ELIGN: Expectation Alignment as a Multi-Agent Intrinsic Reward

Authors: Zixian Ma, Rose Wang, Fei-Fei Li, Michael Bernstein, Ranjay Krishna

NeurIPS 2022 | Conference PDF | Archive PDF | Plain Text | LLM Run Details

Reproducibility Variable Result LLM Response
Research Type Experimental We demonstrate the efficacy of our approach across 6 tasks in the multi-agent particle and the complex Google Research football environments, comparing ELIGN to sparse and curiosity-based intrinsic rewards.
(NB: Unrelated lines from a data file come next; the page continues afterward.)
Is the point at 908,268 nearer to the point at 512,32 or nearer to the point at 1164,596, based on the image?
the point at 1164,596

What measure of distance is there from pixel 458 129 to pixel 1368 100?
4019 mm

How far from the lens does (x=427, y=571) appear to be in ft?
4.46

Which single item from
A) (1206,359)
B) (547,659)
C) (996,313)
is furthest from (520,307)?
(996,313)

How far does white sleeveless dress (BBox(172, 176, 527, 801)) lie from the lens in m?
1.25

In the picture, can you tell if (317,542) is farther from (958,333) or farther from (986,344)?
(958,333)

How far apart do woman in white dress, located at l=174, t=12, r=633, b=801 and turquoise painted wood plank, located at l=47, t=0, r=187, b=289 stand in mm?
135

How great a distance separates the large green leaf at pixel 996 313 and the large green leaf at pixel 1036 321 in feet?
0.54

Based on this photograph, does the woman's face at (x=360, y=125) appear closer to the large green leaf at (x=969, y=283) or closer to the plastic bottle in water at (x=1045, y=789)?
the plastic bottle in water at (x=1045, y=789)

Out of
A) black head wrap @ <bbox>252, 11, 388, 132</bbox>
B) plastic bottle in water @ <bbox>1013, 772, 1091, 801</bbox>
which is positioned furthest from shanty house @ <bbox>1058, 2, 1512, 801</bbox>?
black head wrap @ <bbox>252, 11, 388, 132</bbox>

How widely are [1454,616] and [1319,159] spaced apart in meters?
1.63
Researcher Affiliation Academia Stanford University1, University of Washington2
Pseudocode Yes Algorithm 1 ELIGN: Expectation Alignment
Open Source Code Yes Did you include the code, data, and instructions needed to reproduce the main experimental results (either in the supplemental material or as a URL)? [Yes] See the Appendix
Open Datasets Yes We evaluate ELIGN across both cooperative and competitive tasks in the multi-agent particle environment (Mordatch & Abbeel, 2017; Lowe et al., 2017) and the Google Research football environment (Kurach et al., 2019).
Dataset Splits No The paper mentions training until 'the best evaluation episode reward hasn't changed for 100 epochs,' implying some form of evaluation during training, but it does not explicitly define a separate 'validation' dataset split with percentages or counts, distinct from the test set.
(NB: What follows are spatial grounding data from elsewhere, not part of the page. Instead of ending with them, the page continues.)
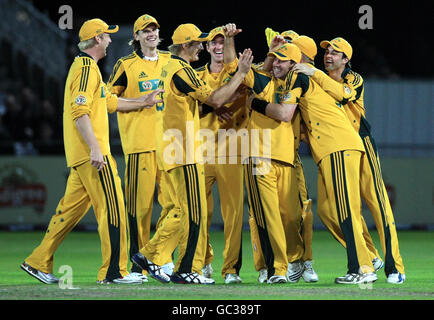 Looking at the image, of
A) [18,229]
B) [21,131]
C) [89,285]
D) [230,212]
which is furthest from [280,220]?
[21,131]

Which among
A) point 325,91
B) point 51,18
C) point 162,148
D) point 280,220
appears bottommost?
point 280,220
Hardware Specification Yes For the Multi-agent particle environment, each experiment uses one Tesla K40 GPU to train until convergence, i.e. the best evaluation episode reward hasn t changed for 100 epochs.
Software Dependencies No The paper does not provide specific version numbers for software dependencies or libraries. It mentions 'We primarily use the multi-agent decentralized variant of the soft-actor critic algorithm' but without version details.
Experiment Setup Yes All the hyperparameters used in the training can be found in the Appendix. For the Multi-agent particle environment, each experiment uses one Tesla K40 GPU to train until convergence, i.e. the best evaluation episode reward hasn t changed for 100 epochs. Each epoch equates to 4K episodes of 25 timesteps. We train all algorithms with 5 random seeds.